The main thing is the continued testing of self-driving cars in controlled environments (private roads). Then just continue to improve them, until they are safer than human drivers.
Actually, they have been focusing more on how 18 wheelers will be the safest at first because the highways have less traffic. I wouldn't think it would be safer if someone got hit by one! I am very interested in this topic!
Well, a lady pedestrian in Arizona was killed today by a driverless car owned by Uber. Uber has shut down all of its driverless fleet as a result. There will be ups and downs, of course, but it is inevitable that they take over in the decades ahead.
As sad as it is for that woman and her family, I still reckon they'll be safer in the long run. You see too many accidents that were preventable. On Friday I was heading out of town and joined a couple of other bikers hanging off the back of an ambulance making it's way through very slow motorway traffic. The amount of rapid acceleration followed by a sudden braking as drivers moved over or blocked it's path was incredible and eventually I dropped off and did regular lane splitting. Will emergency services be faster because self-driving vehicles make way more consistently? How many lives saved?
I'm ready for it! I think used under the right circumstances auto-pilot could at least help with approximately 1 out of 4 accidents being a distracted driver. Granted, the technology still has some work to be perfected, but hopefully it won't take another 30-50 years until it happens!

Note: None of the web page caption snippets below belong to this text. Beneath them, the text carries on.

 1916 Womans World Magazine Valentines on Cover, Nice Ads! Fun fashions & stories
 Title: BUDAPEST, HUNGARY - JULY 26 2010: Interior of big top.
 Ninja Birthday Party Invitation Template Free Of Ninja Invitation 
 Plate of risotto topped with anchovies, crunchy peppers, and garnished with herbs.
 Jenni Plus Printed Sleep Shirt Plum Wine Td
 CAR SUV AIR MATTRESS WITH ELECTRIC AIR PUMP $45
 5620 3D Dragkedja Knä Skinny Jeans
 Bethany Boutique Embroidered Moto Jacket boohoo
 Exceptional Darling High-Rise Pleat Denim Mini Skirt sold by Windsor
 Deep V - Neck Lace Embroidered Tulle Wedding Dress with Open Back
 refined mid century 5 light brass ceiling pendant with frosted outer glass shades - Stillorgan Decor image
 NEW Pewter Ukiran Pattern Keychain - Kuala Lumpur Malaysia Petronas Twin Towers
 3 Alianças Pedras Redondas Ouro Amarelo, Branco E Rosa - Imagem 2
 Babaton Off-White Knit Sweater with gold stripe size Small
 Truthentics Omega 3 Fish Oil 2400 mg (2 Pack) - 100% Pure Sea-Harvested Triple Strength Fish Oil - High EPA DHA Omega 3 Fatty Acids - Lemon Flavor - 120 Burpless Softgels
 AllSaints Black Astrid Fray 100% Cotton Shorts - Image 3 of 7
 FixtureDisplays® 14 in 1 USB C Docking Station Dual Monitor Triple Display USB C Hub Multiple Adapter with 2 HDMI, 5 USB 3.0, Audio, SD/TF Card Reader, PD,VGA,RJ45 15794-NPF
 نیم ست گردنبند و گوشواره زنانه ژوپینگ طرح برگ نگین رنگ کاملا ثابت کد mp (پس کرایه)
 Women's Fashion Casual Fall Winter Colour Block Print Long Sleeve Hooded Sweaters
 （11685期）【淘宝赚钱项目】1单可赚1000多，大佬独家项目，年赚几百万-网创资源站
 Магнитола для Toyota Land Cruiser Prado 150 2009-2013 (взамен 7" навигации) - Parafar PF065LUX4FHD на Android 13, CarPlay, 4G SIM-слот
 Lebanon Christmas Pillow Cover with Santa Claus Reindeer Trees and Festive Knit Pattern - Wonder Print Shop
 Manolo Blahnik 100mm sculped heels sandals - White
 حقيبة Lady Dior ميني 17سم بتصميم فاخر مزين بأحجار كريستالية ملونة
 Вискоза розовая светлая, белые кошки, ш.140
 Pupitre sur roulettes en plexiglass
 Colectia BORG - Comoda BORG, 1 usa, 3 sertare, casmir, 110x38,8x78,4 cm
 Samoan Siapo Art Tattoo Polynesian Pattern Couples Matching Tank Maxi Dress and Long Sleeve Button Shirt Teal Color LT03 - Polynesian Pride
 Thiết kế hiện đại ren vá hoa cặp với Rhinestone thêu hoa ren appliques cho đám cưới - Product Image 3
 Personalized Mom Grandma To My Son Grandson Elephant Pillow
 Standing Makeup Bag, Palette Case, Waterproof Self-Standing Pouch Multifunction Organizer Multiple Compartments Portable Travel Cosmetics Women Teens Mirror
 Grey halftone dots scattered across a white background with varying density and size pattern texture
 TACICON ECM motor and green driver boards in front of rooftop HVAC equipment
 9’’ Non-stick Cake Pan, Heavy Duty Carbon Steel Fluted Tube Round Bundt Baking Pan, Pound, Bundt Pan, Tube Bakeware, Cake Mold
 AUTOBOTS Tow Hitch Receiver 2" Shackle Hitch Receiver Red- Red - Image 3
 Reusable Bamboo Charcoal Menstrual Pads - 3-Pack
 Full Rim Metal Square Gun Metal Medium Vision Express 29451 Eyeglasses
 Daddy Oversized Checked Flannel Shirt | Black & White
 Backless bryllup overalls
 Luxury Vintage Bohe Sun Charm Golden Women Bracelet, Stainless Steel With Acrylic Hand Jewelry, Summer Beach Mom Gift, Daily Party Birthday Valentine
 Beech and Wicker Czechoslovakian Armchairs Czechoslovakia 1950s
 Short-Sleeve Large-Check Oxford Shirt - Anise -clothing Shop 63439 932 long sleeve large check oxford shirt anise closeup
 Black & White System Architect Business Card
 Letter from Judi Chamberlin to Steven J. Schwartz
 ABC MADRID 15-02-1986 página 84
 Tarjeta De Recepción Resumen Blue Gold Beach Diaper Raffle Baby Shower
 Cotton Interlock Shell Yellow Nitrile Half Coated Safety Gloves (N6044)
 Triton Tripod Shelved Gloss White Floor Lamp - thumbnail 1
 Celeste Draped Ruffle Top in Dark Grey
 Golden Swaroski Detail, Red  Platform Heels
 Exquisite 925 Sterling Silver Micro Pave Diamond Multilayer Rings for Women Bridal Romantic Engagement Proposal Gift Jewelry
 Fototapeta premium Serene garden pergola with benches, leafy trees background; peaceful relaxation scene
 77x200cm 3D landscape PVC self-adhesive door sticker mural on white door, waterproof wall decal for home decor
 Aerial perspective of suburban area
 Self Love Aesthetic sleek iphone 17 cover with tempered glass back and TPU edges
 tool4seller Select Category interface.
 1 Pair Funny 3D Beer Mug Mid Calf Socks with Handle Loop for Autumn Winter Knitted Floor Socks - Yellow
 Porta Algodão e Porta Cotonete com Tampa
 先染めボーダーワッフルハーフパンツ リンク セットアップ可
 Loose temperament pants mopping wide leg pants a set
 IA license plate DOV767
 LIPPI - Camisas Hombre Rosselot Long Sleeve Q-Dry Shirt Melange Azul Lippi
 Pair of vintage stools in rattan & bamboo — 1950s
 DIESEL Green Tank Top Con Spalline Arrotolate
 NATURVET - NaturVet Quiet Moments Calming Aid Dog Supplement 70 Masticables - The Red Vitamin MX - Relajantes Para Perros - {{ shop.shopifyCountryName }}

The concept is promising. I see that it could help to decrease the amount of accidents but technologies also can malfunction. Just like people, actually. Even my phone can't work perfectly all the time to say nothing of driverless cars. And yes, I can compare those 2 things, because both phone and cars are functioning due to programming. My idea is that maybe there will be less accidents caused by people. But who knows how many crashes will happen due to mechanism failures?